We believed we had fixed this class of problem in 0.68 (see vuln-indirect-dll-hijack), and when that turned out not to be true, we believed we'd fixed all the remaining instances in 0.69 (vuln-indirect-dll-hijack-2). However, it turned out that even in 0.69 we still hadn't caught all cases of it.
We know of one special DLL name to which PuTTY 0.69 was still vulnerable:
CRYPTBASE.DLL
We believed we had finished fixing these problems in 0.69 because all the remaining DLLs that PuTTY's makefile explicitly told the linker to refer to at load time were on the default 'known DLLs' list, which seems to accord those DLL names special load-time treatment which prevents this kind of hijacking attack. However, the remaining problem involved a system function not explicitly used in PuTTY's code – the reference to it apparently came from an internal module in Visual Studio's standard library. Updating our build environment to use Visual Studio 2015 update 3 instead of the original 2015 RTM build made the rogue function reference go away and appears to have closed this hole.

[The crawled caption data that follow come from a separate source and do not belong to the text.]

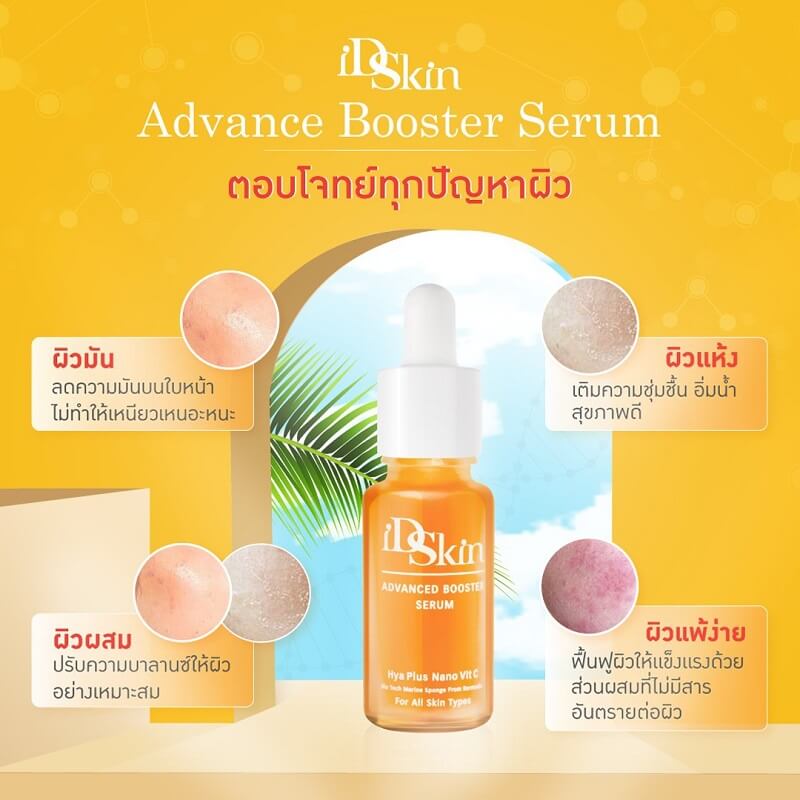 ID Skin Advanced Booster Serum - Image 4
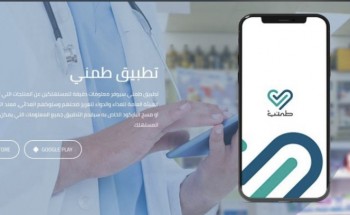 المملكة تسهل التعامل مع ظروف “كورونا” عبر حلول التقنية الذكية.. “طمني” أحد الابتكارات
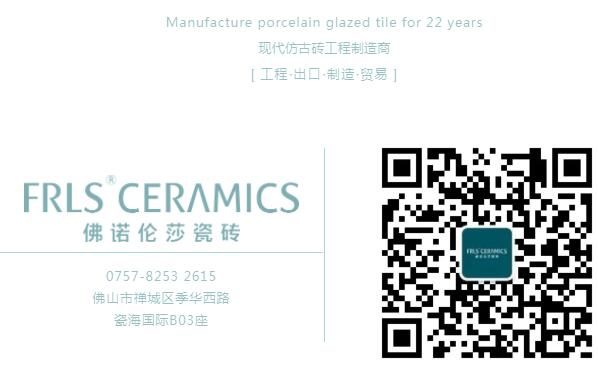 MO水磨石瓷磚，景觀(guān)厚磚,FRLS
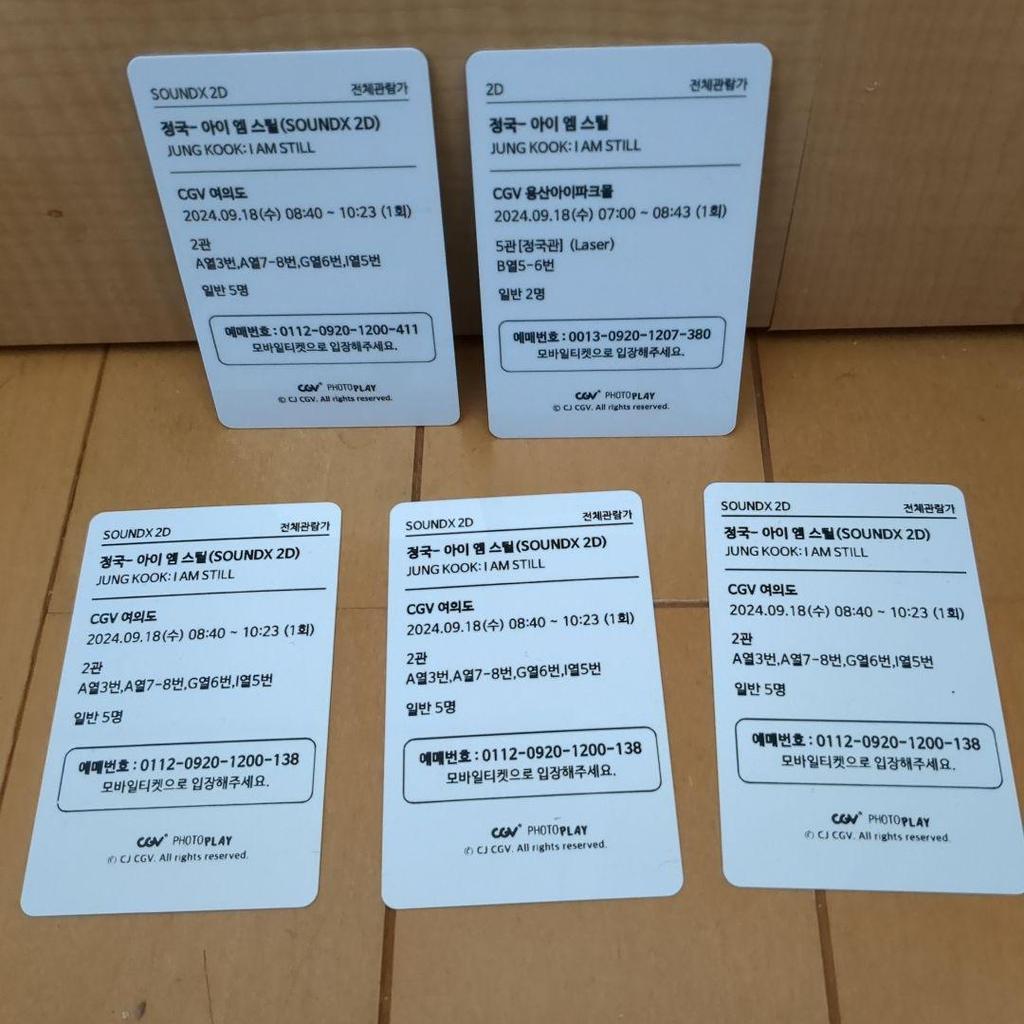 [Б/У] BTS Чонгук Jungkook Фильм "Я ВСЕ ЕЩЕ" CGV Корейская версия коллекционные карточки 5 штук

(The API name of the system function in question is RtlGenRandom()
,
but physically, it's imported from ADVAPI32.DLL
by the
name SystemFunction036
.)
As described in the previous related bug entries, the most likely way in which this vulnerability could be used in an attack is via a web browser's download directory – an attacker contrives to deliver a malicious DLL into your download directory under one of the special names that an application is vulnerable to, and when you later download and run PuTTY, it loads that DLL from alongside itself and is taken over. Whereas if PuTTY is installed on the system via the MSI installer, then there is no issue, because the installer will put the executable files in a dedicated directory, and an attacker with enough file access permissions to drop malicious DLLs into that directory would probably be able to overwrite the executable files themselves in any case.
Thanks to Walter Thyselius for reporting this additional vulnerability to us.